Industrial manufacturing company Ingersoll Rand (NYSE:IR) will be reporting earnings tomorrow after market hours. Here’s what investors should know.
Ingersoll Rand met analysts’ revenue expectations last quarter, reporting revenues of $1.81 billion, up 7% year on year. It was a satisfactory quarter for the company, with an impressive beat of analysts’ operating margin estimates but a miss of analysts’ organic revenue estimates.
Is Ingersoll Rand a buy or sell going into earnings? Read our full analysis here, it’s free.
This quarter, analysts are expecting Ingersoll Rand’s revenue to grow 7.8% year on year to $1.87 billion, slowing from the 14.7% increase it recorded in the same quarter last year. Adjusted earnings are expected to come in at $0.81 per share.
Heading into earnings, analysts covering the company have grown increasingly bearish with revenue estimates seeing 7 downward revisions over the last 30 days (we track 11 analysts). Ingersoll Rand has only missed Wall Street’s revenue estimates once over the last two years, exceeding top-line expectations by 3.8% on average.

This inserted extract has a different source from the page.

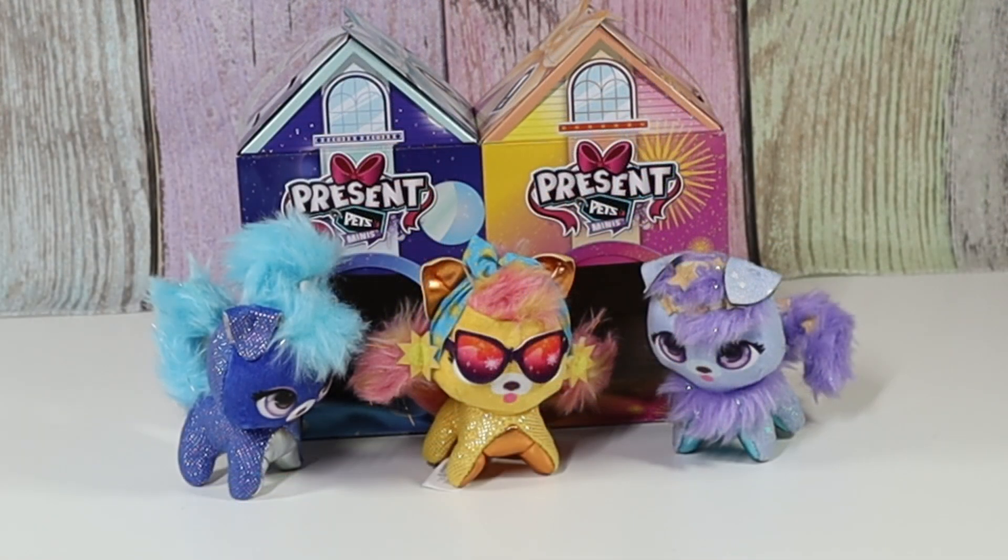This is the Present Pets Minis trio. My favorite one is Happy, the one in the middle. This was fun. Thanks for joining me, Pauline. And thanks for watching Tally's Tricks. Bye!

Looking at Ingersoll Rand’s peers in the gas and liquid handling segment, some have already reported their Q3 results, giving us a hint as to what we can expect. ITT delivered year-on-year revenue growth of 7.7%, meeting analysts’ expectations, and Flowserve reported revenues up 3.5%, in line with consensus estimates. Flowserve traded up 2.4% following the results.

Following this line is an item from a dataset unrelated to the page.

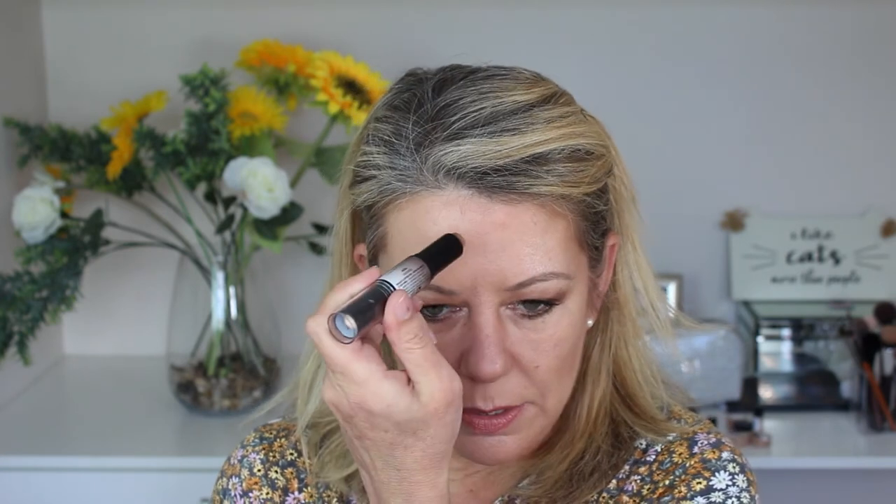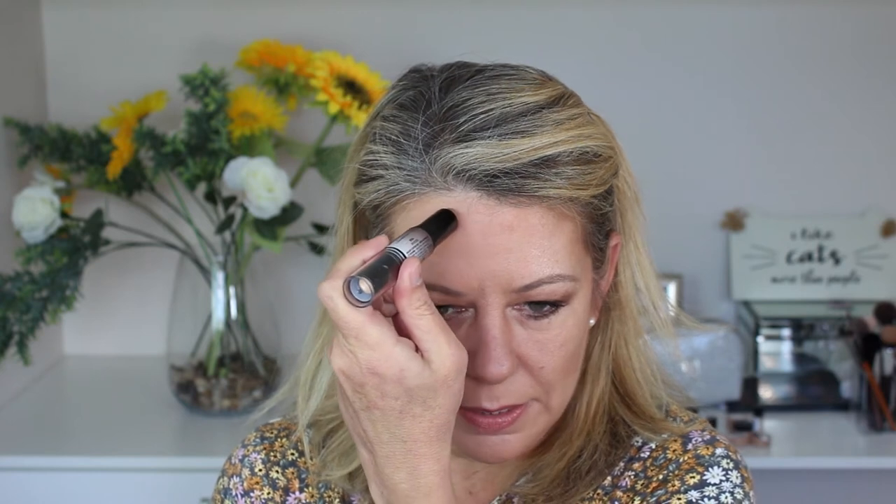Now I'm going to do the other side with a cream contour. The stick I'm using today is the NYX Wonder Stick in Universal — it's got a highlight on one end and a contour on the other. The contour is quite a universal shade, but if you have medium to dark skin, you are going to find this a little bit too light. I'm going to start in the middle of my forehead and draw in the number three — taking it up into the forehead, down into the temples, around onto my cheekbone, and then down under the jawline.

Read our full analysis of ITT’s results here and Flowserve’s results here.
Investors in the gas and liquid handling segment have had steady hands going into earnings, with share prices flat over the last month. Ingersoll Rand’s stock price was unchanged during the same time and is heading into earnings with an average analyst price target of $103.34 (compared to the current share price of $97.26).